Some of the examples cited above, involving the politics of playgrounds or the politics of familial coexistence, prompt us to consider some even broader definitions of politics. The play of children or the interaction of spouses has little to do with states, politicians or political institutions. If you have watched children play, you probably know that the politics of playgrounds does not always involve the peaceful resolution of conflict. It is often about power, but power defined in rather broad terms. Thus, if we agree that there is such a thing as the politics of playgrounds, we might have to stretch our definition of politics quite significantly.

Proponents of narrower definitions of politics often object to such stretching by arguing that if stretched too far politics can lose its meaning, becoming everything and anything one can imagine.
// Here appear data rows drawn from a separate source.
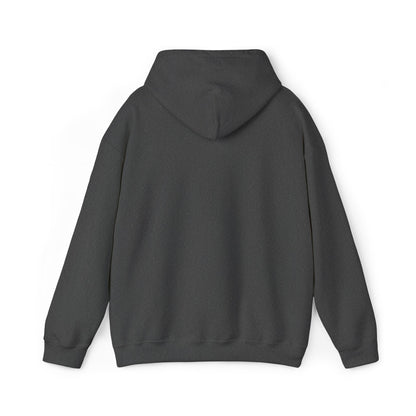 Hooded Sweatshirt E02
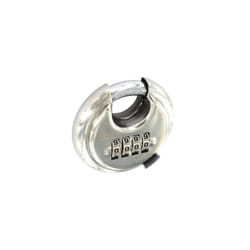 Securit Stainless Steel Combination Padlock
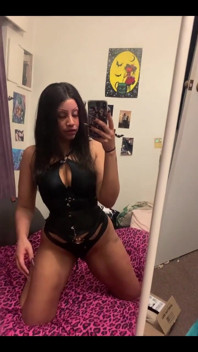 I’ll Post a Full Pussy Play Video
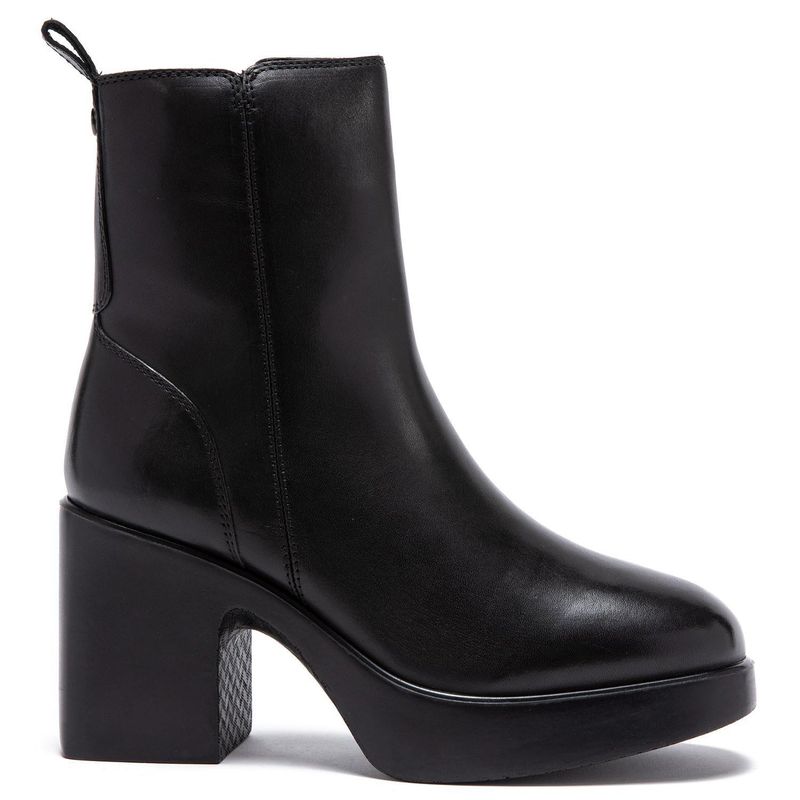 GACEL - Botin - Gaia - Gacel - Negro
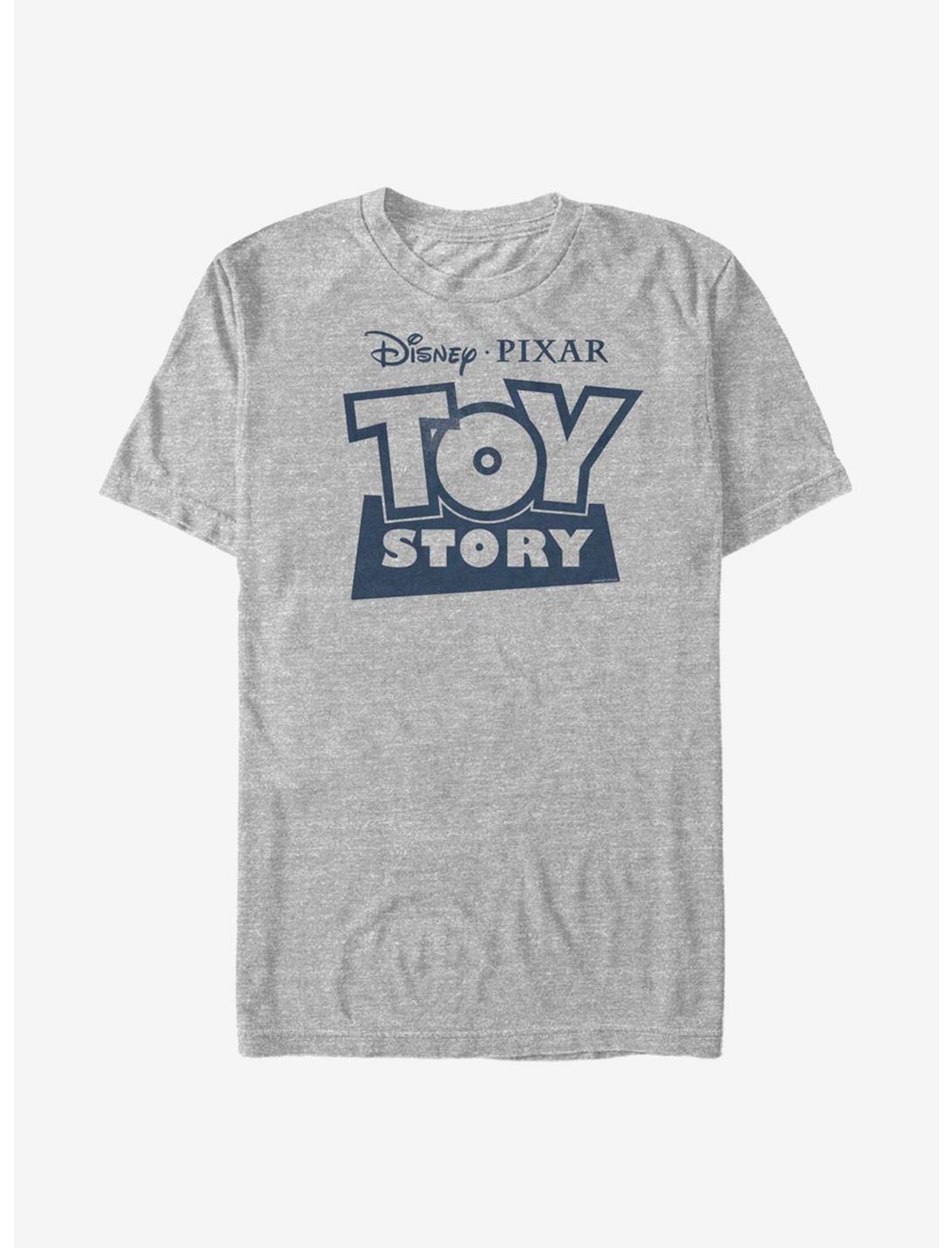 Disney Pixar Toy Story Logo T-Shirt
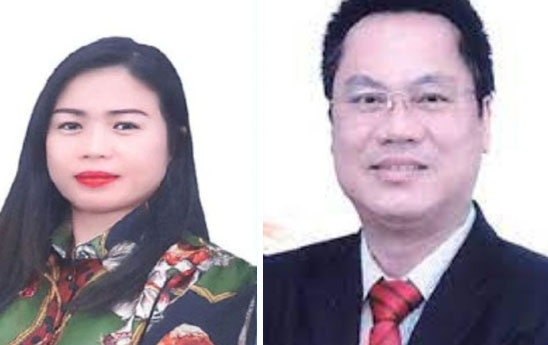 Hai thành viên HĐQT Eximbank xin từ nhiệm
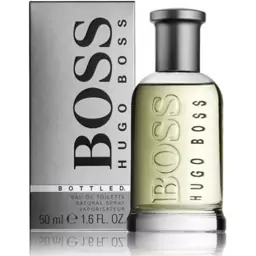 عطر هوگو بوس باتلد HUGO BOSS - Boss Bottled (1 گرم)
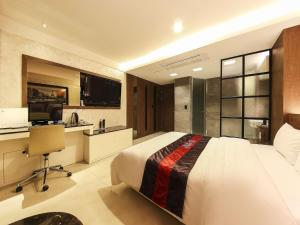 Gallery image of Hotel Zenith in Bucheon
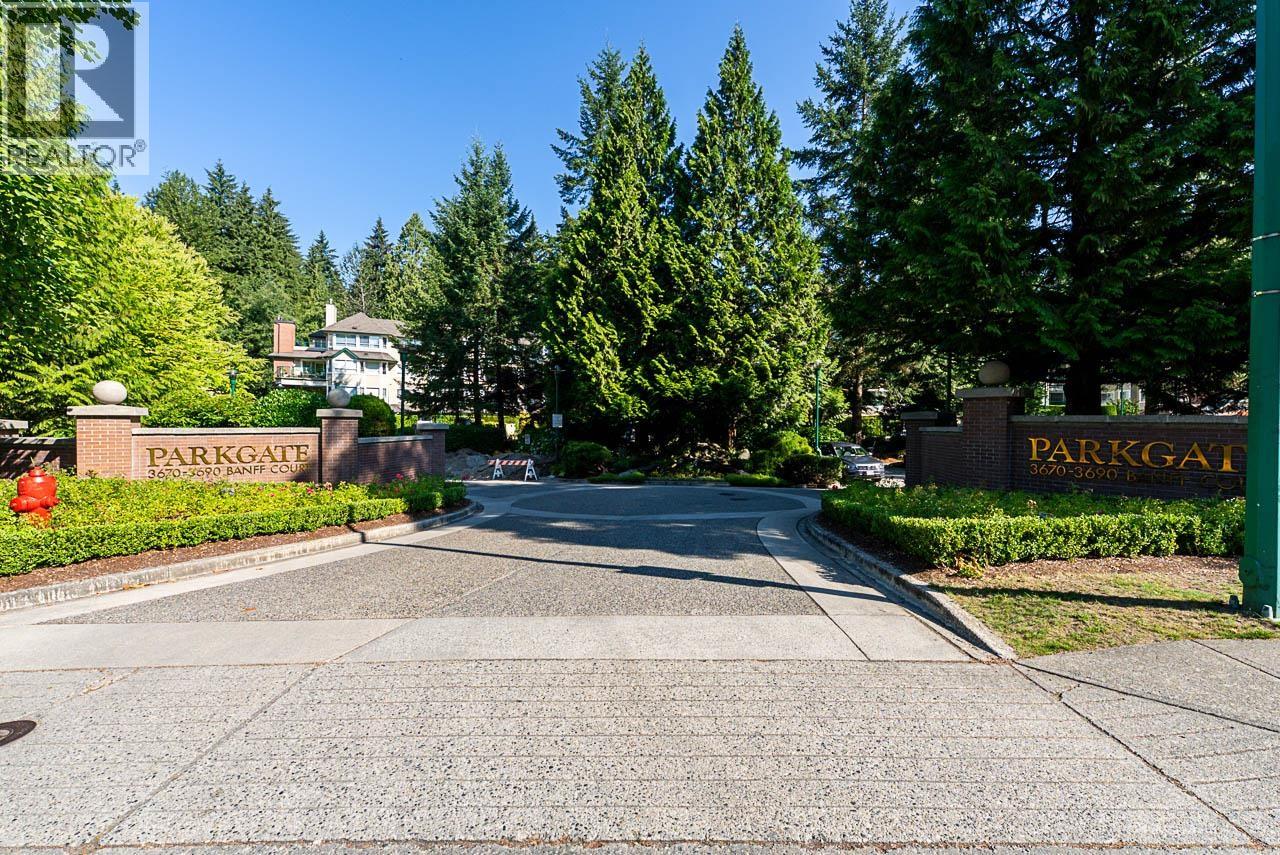 208 3690 Banff Court, North Vancouver, British Columbia  V7H 2Y7 - Photo 27 - R3155401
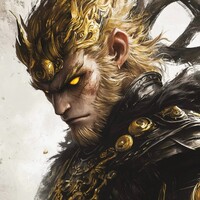 Wukong: Black Mythos - Avici Tribulation icon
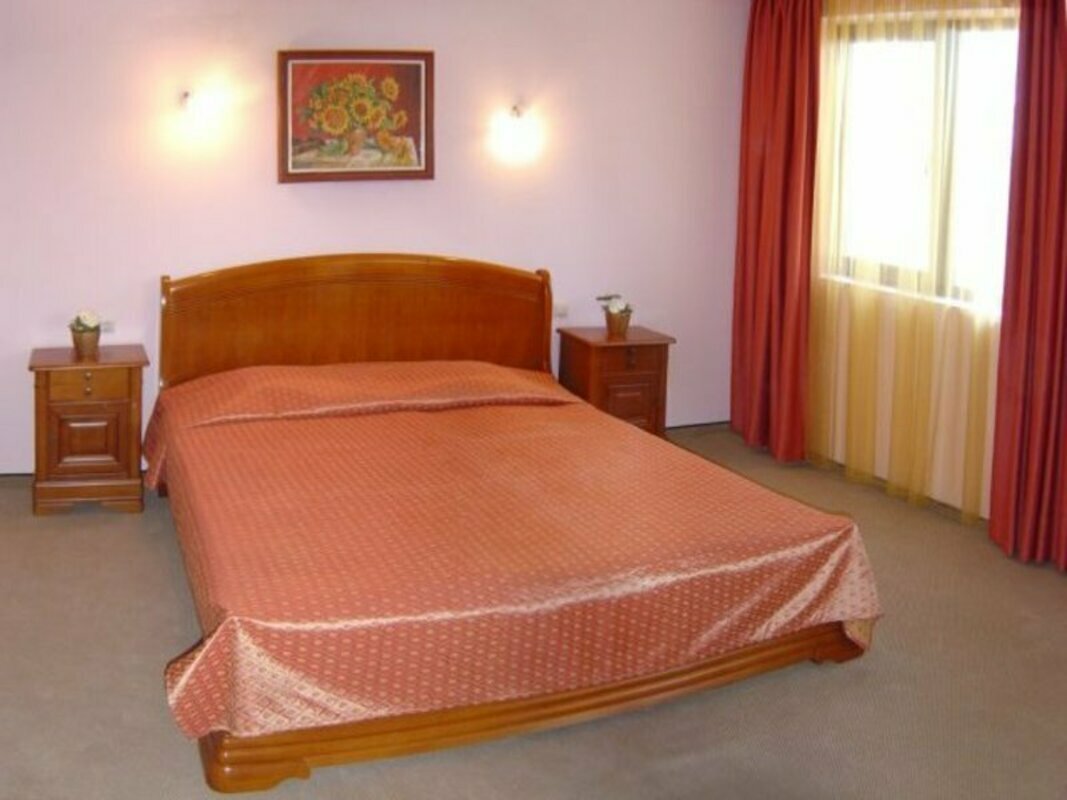 ESTREYA RESIDENCE — ST. CONSTANTINE & ELENA — fotografie hotel nr. 51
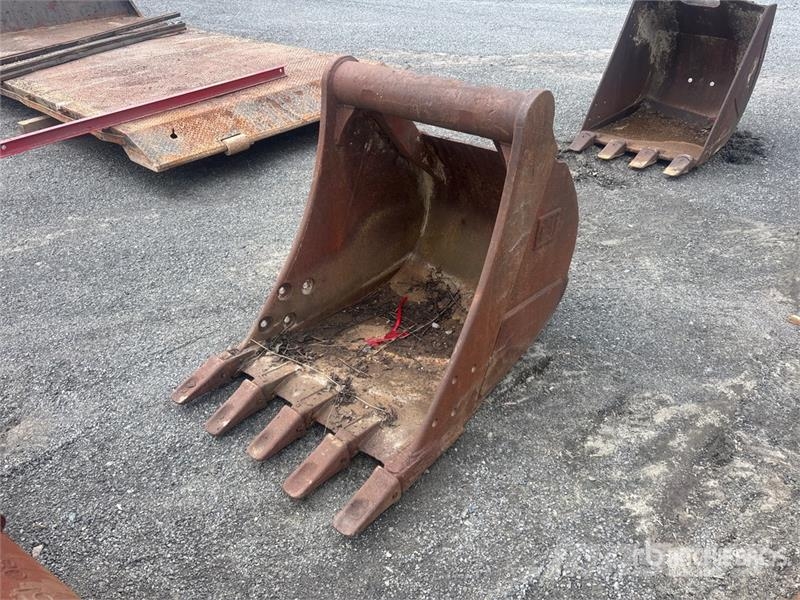 CAT 36 in Digging Excavator Bucket - Fits Cat M318/320 Skovle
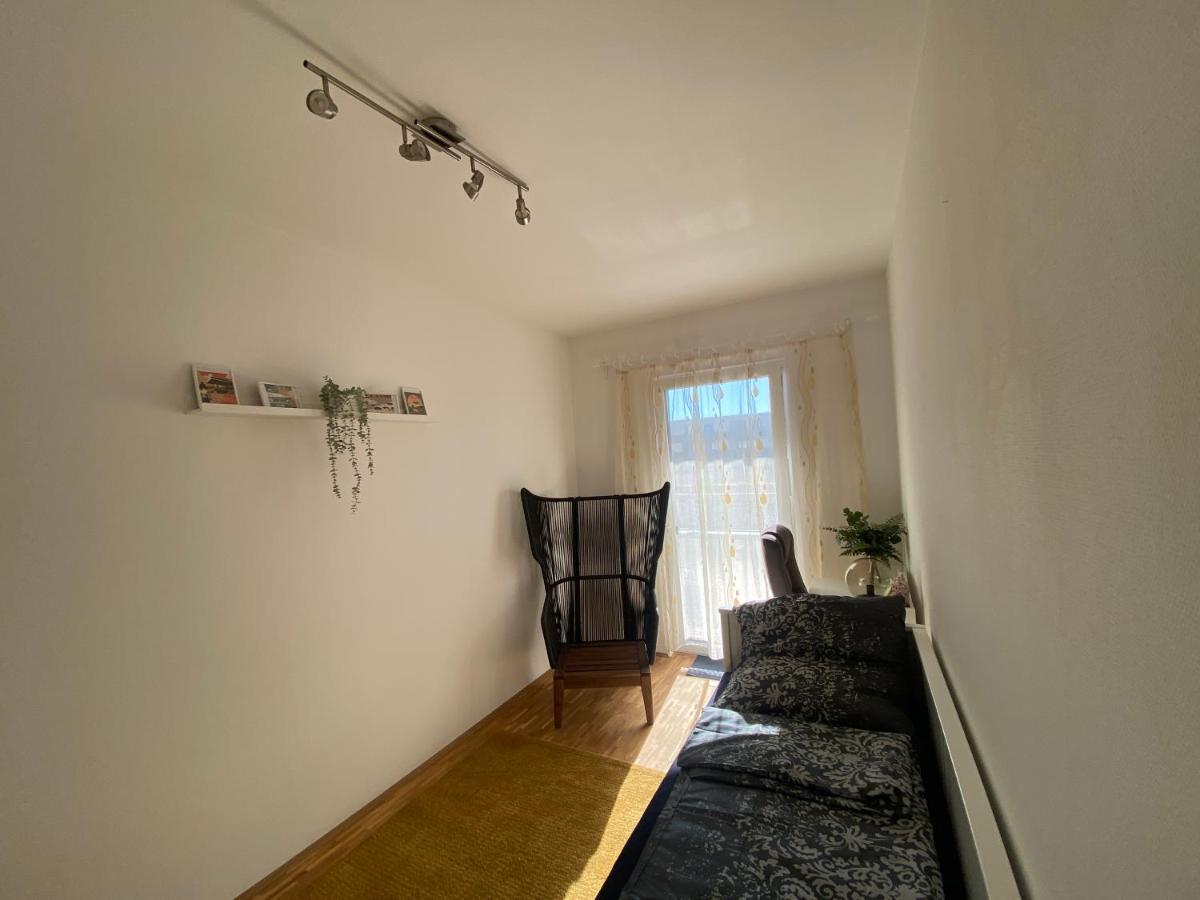 Neubau Apartment Mainz Oberstadt groß, exquisit und einzigartig Exterior foto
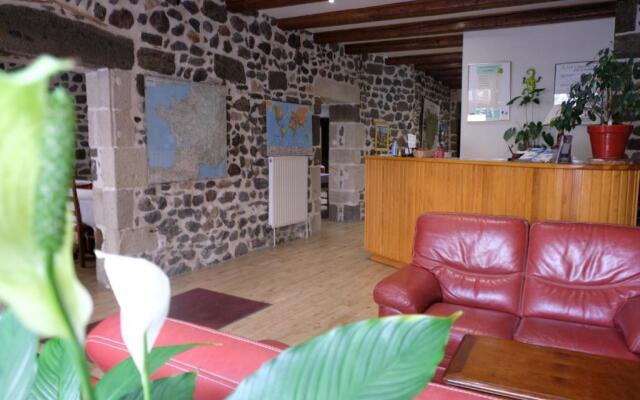Hôtel le Bilboquet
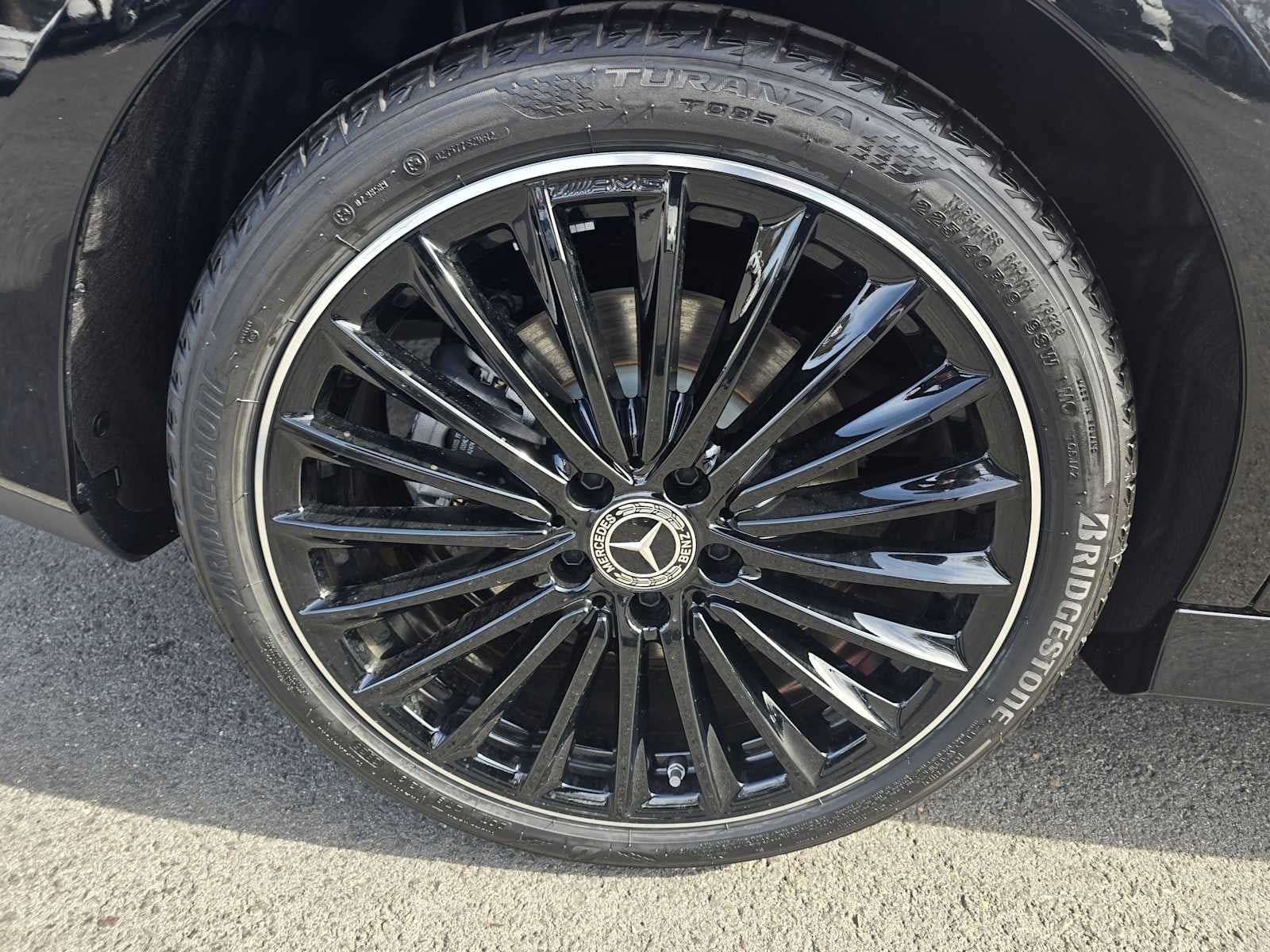 2026 Mercedes-Benz CLA 250 Coupe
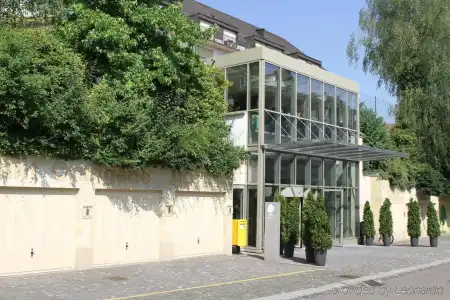 Engimatt City & Garden - 0
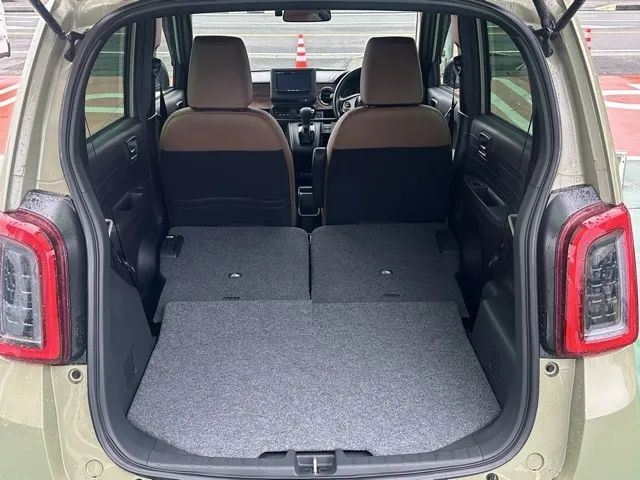 N-ONE(ホンダ)オリジナル スタイルプラスアーバン中古車 7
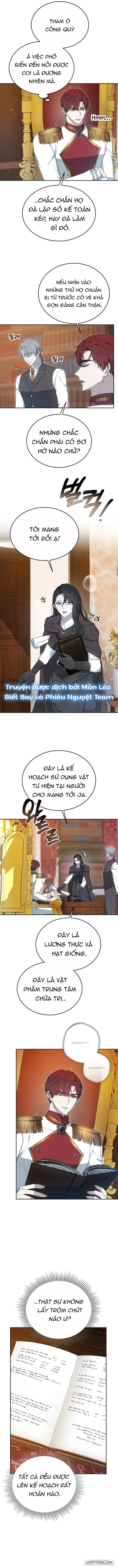 Thời Đại Oman - Chap 9 - Trang 6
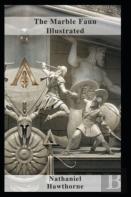 The Marble Faun Illustrated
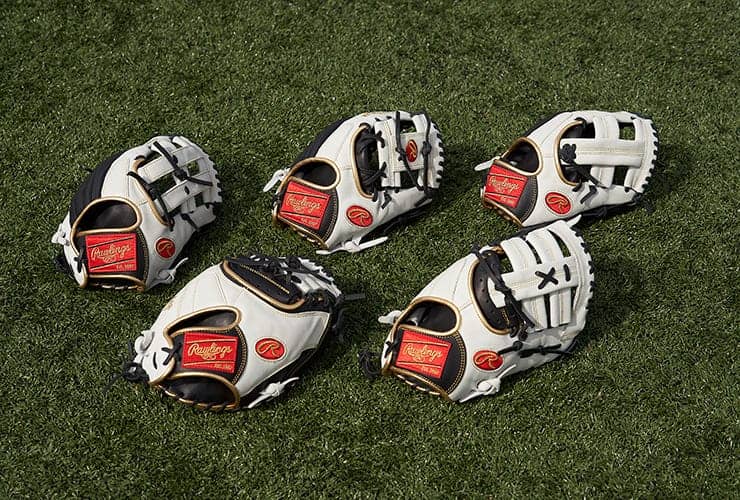 Baseball Equipment | Baseball Gloves & Bats | Baseball Gear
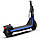 Електросамокат Ninebot eKickScooter by Segway C2 Pro E (AA.10.04.02.0013) Blue UA UCRF, фото 4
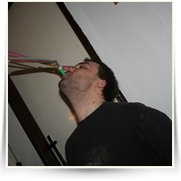 Silvestr 2008 — IMG_6835.JPG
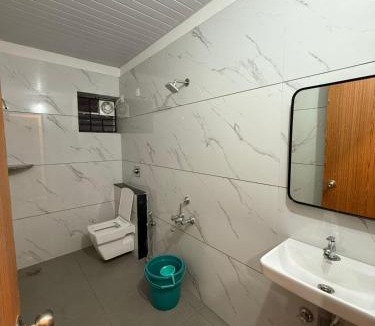 Mangalore Hotel | Nakshatra Boarding and Lodging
That is indeed a legitimate concern, and one that broad definitions of politics must contend with. Keep this in mind as we examine some of these broader definitions of politics; in the end, it will be up to you to decide whether any of these definitions succeed at broadening the scope of politics without diluting it to the extent that it loses its meaning.

Among the broadest ways of defining politics is to understand it as a ‘social activity’ – an activity we engage in together with others, or one through which we engage others. Politics, in this sense, is ‘always a dialogue, and never a monologue’ (Heywood, 2013, p. 1). A similarly broad (or perhaps even broader) definition is offered by Arendt (2005), who argues that politics does not have an ‘essence’ – it does not have an intrinsic nature, or an indispensable element according to which we can definitively, and in all circumstances, identify something as political. Thus, there are no quintessentially political acts, subjects or places. Politics, rather, is the world that emerges between us – the world that emerges through our interactions with each other, or through the ways that our individual actions and perspectives are aggregated into collectivities.